My regular readers know how fond I am of the music of Mieczysław Weinberg, whose name is occasionally spelled, as it is on this release, Wajnberg (or even Vainberg), which is closer to the actual pronunciation. His complete string quartets (17) have already been recorded by Quatuor Danel on CPO, and now the Silesian Quartet is in the process of doing the same for CD Accord. I had no real need to hear Silesian’s recordings because I am quite satisfied with Danel’s, but something told me to take a listen, and I’m glad I did.

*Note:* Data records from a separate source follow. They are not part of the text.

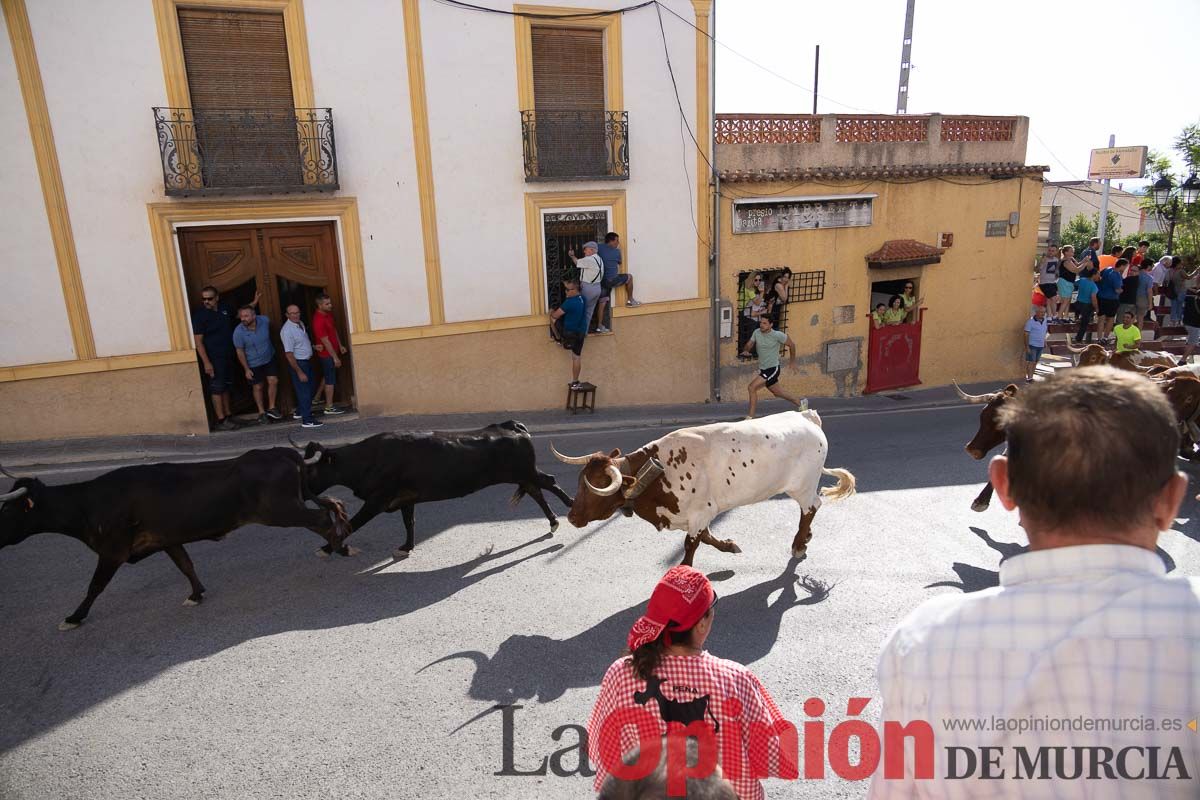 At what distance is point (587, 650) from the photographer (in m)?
5.13

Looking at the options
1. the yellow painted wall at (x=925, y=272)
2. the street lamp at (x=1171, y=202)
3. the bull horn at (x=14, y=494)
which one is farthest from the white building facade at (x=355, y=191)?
the street lamp at (x=1171, y=202)

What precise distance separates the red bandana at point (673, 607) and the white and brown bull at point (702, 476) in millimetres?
2810

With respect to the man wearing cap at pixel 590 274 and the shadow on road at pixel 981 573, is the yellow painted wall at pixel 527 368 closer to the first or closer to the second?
the man wearing cap at pixel 590 274

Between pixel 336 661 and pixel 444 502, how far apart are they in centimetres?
301

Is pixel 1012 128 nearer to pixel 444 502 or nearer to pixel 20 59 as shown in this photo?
pixel 444 502

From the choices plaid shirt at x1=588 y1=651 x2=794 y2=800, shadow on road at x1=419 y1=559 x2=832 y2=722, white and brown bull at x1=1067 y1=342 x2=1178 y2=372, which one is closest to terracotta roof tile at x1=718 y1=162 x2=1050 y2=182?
white and brown bull at x1=1067 y1=342 x2=1178 y2=372

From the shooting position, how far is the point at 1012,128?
15.5 meters

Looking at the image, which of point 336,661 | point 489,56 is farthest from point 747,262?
point 336,661

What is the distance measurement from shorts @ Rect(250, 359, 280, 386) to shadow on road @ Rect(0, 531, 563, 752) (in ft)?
15.1

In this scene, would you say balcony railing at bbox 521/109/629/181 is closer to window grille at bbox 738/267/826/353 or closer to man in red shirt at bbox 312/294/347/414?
window grille at bbox 738/267/826/353

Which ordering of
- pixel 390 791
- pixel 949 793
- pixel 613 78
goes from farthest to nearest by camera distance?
pixel 613 78
pixel 390 791
pixel 949 793

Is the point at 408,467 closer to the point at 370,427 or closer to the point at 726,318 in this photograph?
the point at 370,427

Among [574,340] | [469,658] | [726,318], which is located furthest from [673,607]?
[726,318]

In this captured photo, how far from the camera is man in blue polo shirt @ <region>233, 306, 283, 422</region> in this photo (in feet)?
34.2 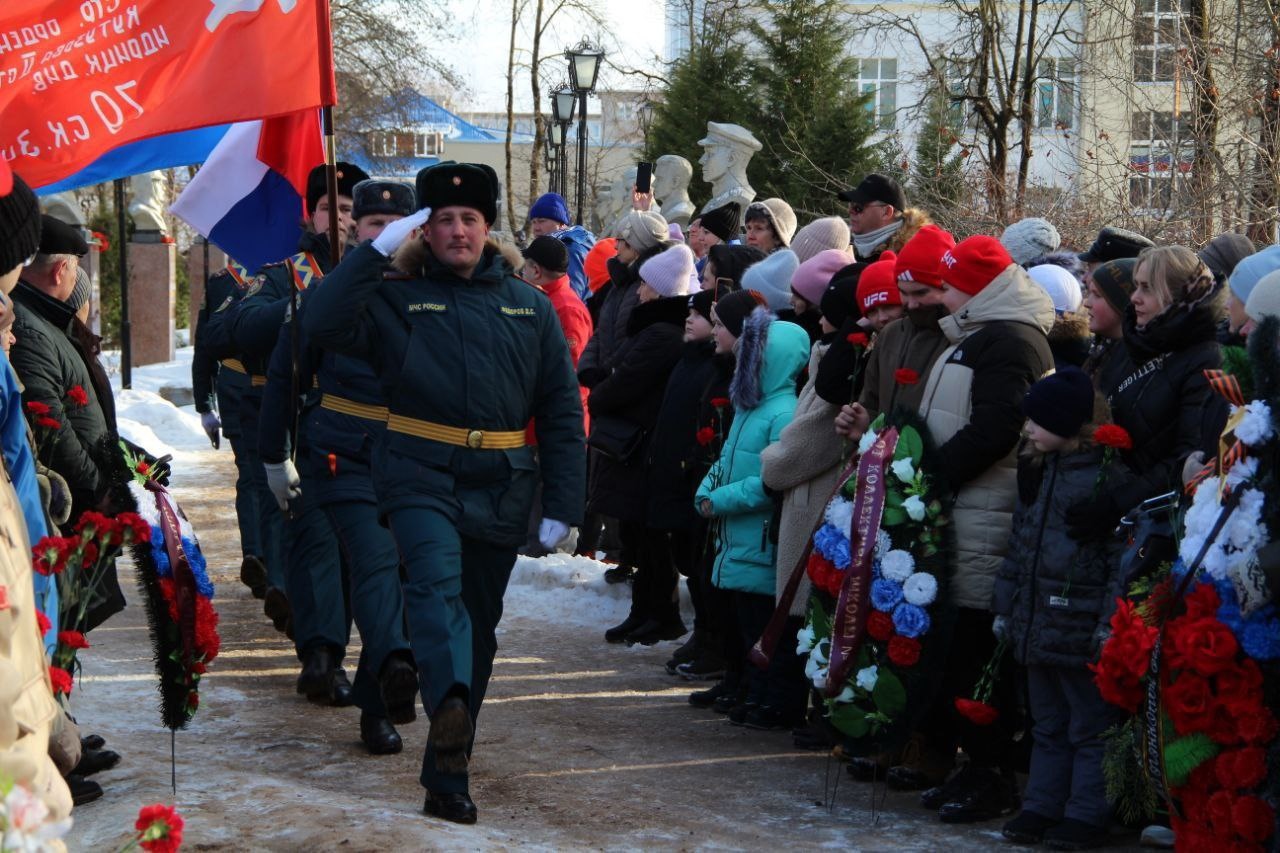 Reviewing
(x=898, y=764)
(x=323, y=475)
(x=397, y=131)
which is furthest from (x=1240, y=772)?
(x=397, y=131)

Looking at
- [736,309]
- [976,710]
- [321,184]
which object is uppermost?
[321,184]

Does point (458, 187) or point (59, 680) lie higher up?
point (458, 187)

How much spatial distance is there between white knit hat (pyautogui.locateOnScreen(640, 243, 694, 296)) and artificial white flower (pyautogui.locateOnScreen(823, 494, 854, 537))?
289 centimetres

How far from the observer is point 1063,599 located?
5.38 m

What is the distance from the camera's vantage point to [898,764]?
6.29 metres

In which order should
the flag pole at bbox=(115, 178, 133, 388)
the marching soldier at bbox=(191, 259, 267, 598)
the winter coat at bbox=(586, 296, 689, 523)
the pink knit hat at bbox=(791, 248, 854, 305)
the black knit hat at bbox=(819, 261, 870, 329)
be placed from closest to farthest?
the black knit hat at bbox=(819, 261, 870, 329), the pink knit hat at bbox=(791, 248, 854, 305), the winter coat at bbox=(586, 296, 689, 523), the marching soldier at bbox=(191, 259, 267, 598), the flag pole at bbox=(115, 178, 133, 388)

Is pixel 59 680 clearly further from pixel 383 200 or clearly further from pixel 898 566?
pixel 383 200

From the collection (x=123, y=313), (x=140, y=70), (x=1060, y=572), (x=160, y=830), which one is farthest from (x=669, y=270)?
(x=123, y=313)

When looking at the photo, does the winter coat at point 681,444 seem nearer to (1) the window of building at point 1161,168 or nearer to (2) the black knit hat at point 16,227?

The biggest difference between the two sets is the actual sound of the quartet itself. Quatuor Danel opts for a very warm string sound, its violinists in particular using an almost throbbing vibrato—which I happen to like and appreciate—in slow movements. By contrast, the Silesian Quartet (Kwartet Śląski in Polish) has a much leaner, brighter profile of the sort preferred by most modern string groups since the Alban Berg Quartet pioneered this sound back in the 1970s. The result is that, even though Silesian’s tempi are just a shade slower than Danel’s, they sound just as fast in their performances because the tension of their playing is sharper and less slack. Please do not assume that by “less slack” I am denigrating Quatuor Danel’s approach. I am not, but there is no question that faster vibratos, combined with razor-sharp attacks, give the illusion of great speed even when the performances are not really faster. Such was the case with Toscanini’s NBC Symphony Orchestra or the New York Philharmonic when it was conducted by Toscanini or Artur Rodziński. Bright, sharply-articulated string tone always fools the ear into thinking that the music is moving along at 90 miles an hour when in fact it may only be 80.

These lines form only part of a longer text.